Several streets such as Pikeview and Rural Acres drives were blocked after several vehicles slid into ditches, Darlington said. A vehicle also slid off New River Drive and crashed into a construction trailer at Value City Center. Only minor damage was reported.

Darlington said his own patrol car — a rear-wheel-drive Ford Crown Victoria — became stuck several times even though he has snow tires.

“I didn’t think I was going to make it,” he said.

Roads and reports of wrecks cleared between 11 a.m. and noon, Darlington said.

First Sgt. M.R. Miller, West Virginia State Police, Turnpike division, described Interstate 64’s eastbound lanes as “horrible”, especially in Summers and Greenbrier counties where several vehicles were stuck after the quick snowfall.

“It was pretty ugly,” he said. “This was our first substantial snow we’ve had in a long time, and I guess everyone forgot how to drive in it.”

The Turnpike had its share of problems in the early morning hours, Miller said. Troopers handled three tractor-trailer wrecks, and while these were minor, such accidents tend to “clog” traffic. The Turnpike was cleared about 10 a.m.

Miller advised motorists to outright avoid driving in the snow unless absolutely necessary.

“If you don’t need to be out there, don’t be out there,” he said. “This is not the time to do your Christmas shopping or go out and get your milk.
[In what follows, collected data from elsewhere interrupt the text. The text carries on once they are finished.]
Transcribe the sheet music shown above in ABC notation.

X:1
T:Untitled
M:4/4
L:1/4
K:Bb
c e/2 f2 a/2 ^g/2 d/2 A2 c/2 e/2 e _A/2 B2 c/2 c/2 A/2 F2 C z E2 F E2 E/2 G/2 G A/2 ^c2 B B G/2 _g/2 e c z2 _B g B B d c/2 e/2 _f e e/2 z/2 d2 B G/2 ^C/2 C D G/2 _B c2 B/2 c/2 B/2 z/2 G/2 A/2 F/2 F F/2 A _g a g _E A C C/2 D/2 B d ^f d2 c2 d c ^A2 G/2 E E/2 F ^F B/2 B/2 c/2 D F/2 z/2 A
If I didn’t have to be out there, I wouldn’t be.”

DOH had 15 trucks working in Raleigh County and 10 trucks in Wyoming County on Wednesday morning, according to John McBrayer, District 10 manager.
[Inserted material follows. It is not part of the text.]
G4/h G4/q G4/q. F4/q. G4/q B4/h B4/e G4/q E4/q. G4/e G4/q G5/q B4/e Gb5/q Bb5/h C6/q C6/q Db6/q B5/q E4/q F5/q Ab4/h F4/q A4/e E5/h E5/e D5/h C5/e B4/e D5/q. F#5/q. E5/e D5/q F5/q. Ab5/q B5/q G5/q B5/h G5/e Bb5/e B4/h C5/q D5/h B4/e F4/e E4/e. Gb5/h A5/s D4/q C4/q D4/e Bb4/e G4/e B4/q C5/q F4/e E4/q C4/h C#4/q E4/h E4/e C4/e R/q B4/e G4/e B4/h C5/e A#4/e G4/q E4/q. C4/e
“Things went pretty well,” McBrayer said. “It’s the first major snowfall, and it takes some adjusting. The public realizes that when we have snow they need to leave a little early and take their time.”
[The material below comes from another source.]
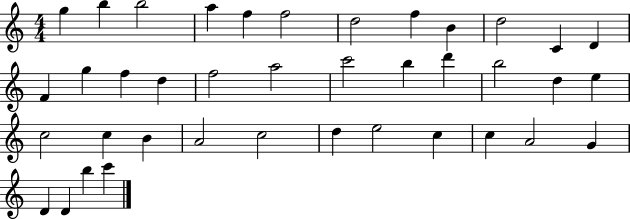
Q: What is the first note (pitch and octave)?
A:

At Mountain State University, officials decided to extend exam week by one day, allowing professors to offer an exam make-up day Dec. 12 for those students who were not able to attend Wednesday’s classes.

Officials were also prompted to cancel all classes at the Beckley campus of New River Community and Technical College and afternoon classes at the Greenbrier County campus.

Wednesday night, snowy conditions persisted — causing even more accidents, authorities said. Nicholas County Emergency Operations Center dispatchers said roads froze again overnight, and several drivers wrecked on black ice. While dispatchers handled several wrecks, no motorists were injured.

“It’s an ice skating rink out there,” a dispatcher with the Raleigh County EOC said. The Raleigh County EOC said 53 accidents were reported between 7 a.m. and 8 p.m. Wednesday. These did not include the numerous reports of vehicles in ditches.

Greenbrier County EOC dispatchers were slammed Wednesday night.

“We’re busy — wrecks everywhere,” one man said.

EOC dispatchers in Monroe, Summers and Wyoming counties reported no significant weather-related incidents overnight Wednesday.

No wrecks on the West Virginia Turnpike had been reported from 3 to 8 p.m. Wednesday, according to Turnpike Operations.

As of 9 p.m., I-64 in Greenbrier County was shut down at the 156 mile marker because a tractor-trailer reportedly jack-knifed.

The National Weather Service predicts sunshine and slightly warmer weather for today with much of the snow melting by the weekend.

Register-Herald reporter Michelle James also contributed to this story.